Neugestaltung nach dem Zweiten Weltkrieg

Zahlreiche Bewohner der Künstlerkolonie wie Ernst Bloch, Ernst Busch, Walter Hasenclever, Alfred Kantorowicz, Arthur Koestler, Susanne und Wolfgang Leonhard, Gustav Regler, Günter Ruschin, Manès Sperber, Steffie Spira, Walter Zadek und Hedda Zinner verließen noch 1933 Deutschland. Andere organisierten trotz aller Gefahren und das eigene Leben riskierend den politischen Widerstand. So gründete Alexander Graf Stenbock-Fermor in seiner Wohnung im Herbst 1940 zusammen mit Beppo Römer und Willy Sachse die Widerstandsgruppe Revolutionäre Arbeiter und Soldaten (RAS). Weitere Mitglieder der Organisation waren Irene und Hans Meyer-Hanno, Fritz Riedel und Alja Blomberg. Stenbock-Fermor vermerkte zur Arbeit der Gruppe in seinen Erinnerungen: "Wir trafen uns abwechselnd bei mir, in der Wohnung von Alja Blomberg am Südwestkorso und oft bei Meyer-Hannos am Laubenheimer Platz 2. Hans Meyer-Hanno und seine Frau Irene wurden die eifrigsten Mitarbeiter.". Die Porzellantafel am Haus Bonner Straße 2 würdigt den Mut von Helene Jacobs, die verfolgte Juden bei sich versteckte und zur Flucht verhalf.

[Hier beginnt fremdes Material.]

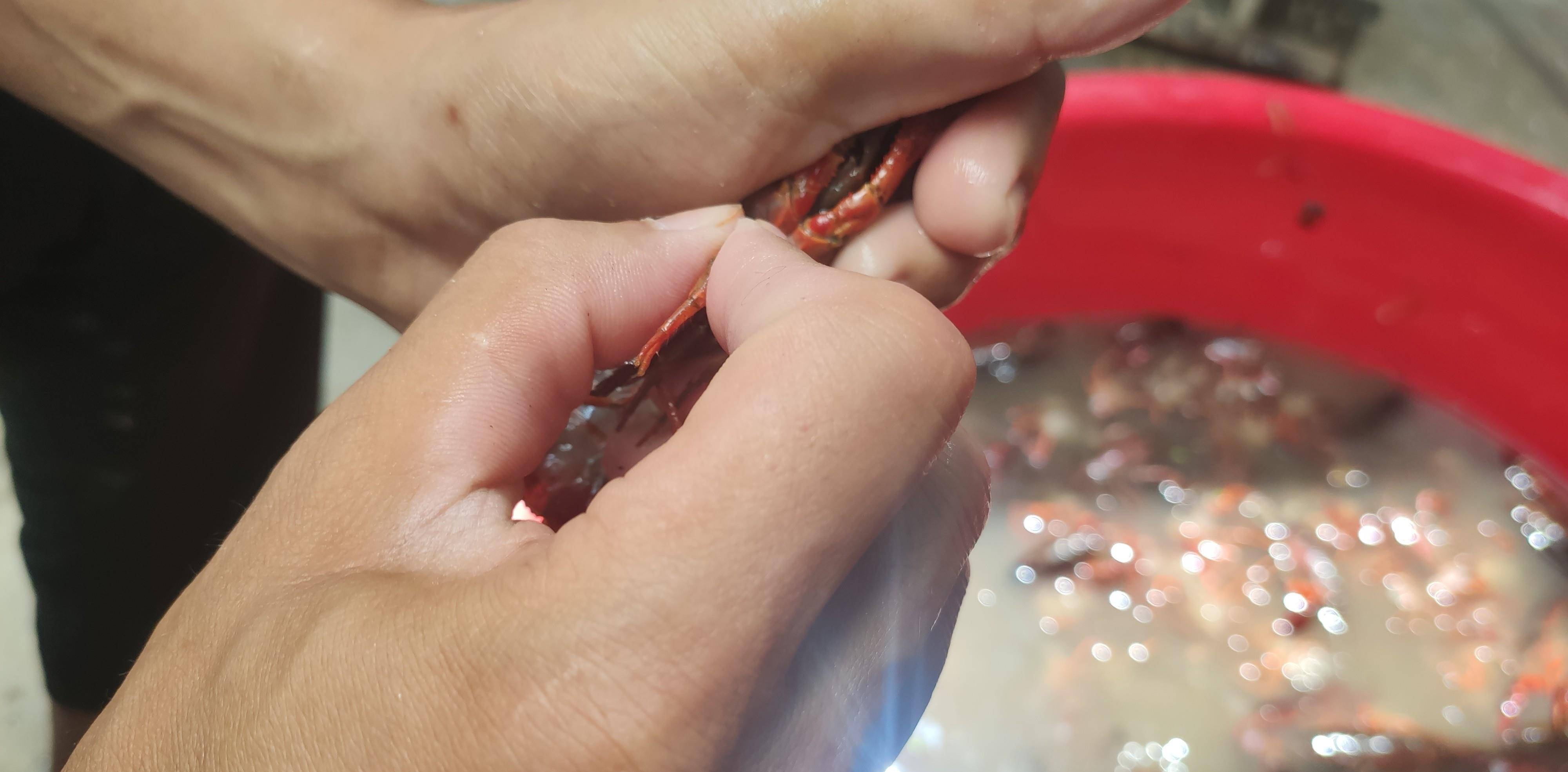 你会洗龙虾吗？怎样洗龙虾最干净！教你这样洗<strong></p>
<p>洗币</strong>，干净又简单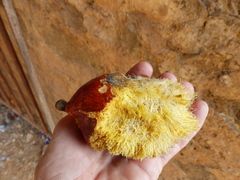 Hyphaene dichotoma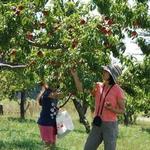 FAMILY-FRIENDLY: Fishkill Farms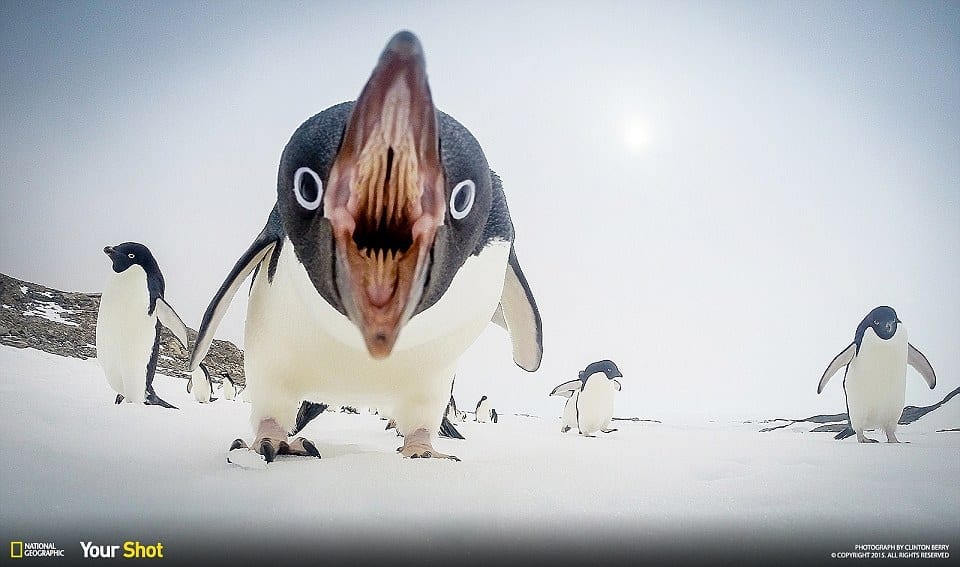 This is what happens when you leave a gopro out on the sea ice The Photo was taken near Casey Station Antarctica, It was one of a series of captures by a gopro on time lapse that was set out on the ice near the site where we are running an ocean acidification experiment. We often get groups of Adelie Penguins coming to see what we are doing and this one was trying to peck the camera. I am currantly based in Antartica for the next eight months through the winter and would be happy to help with any photo's requests required for up coming publications.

Ende der 1950er Jahre hat man den von vier- bis fünfgeschossigen Häusern mit dunkelroten Klinkerfassaden flankierten Platz neu gestaltet und ihm Rasenflächen, Blumenrabatten und Kinderspielecken geschenkt. Auf dem Platz steht gegenüber der Einmündung zur Bonner Straße ein Findling, der 1988 enthüllt wurde. Die kleine Bronzetafel erinnert an die "politisch Verfolgten der Künstler-Kolonie" und meint damit vor allem linksorientierte Bewohner des Viertels, die nach der Errichtung der NS-Diktatur am 30. Januar 1933 von den Nazis mit Arbeitsverbot belegt, ins Exil gedrängt, in die Konzentrationslager verschleppt und ermordet wurden.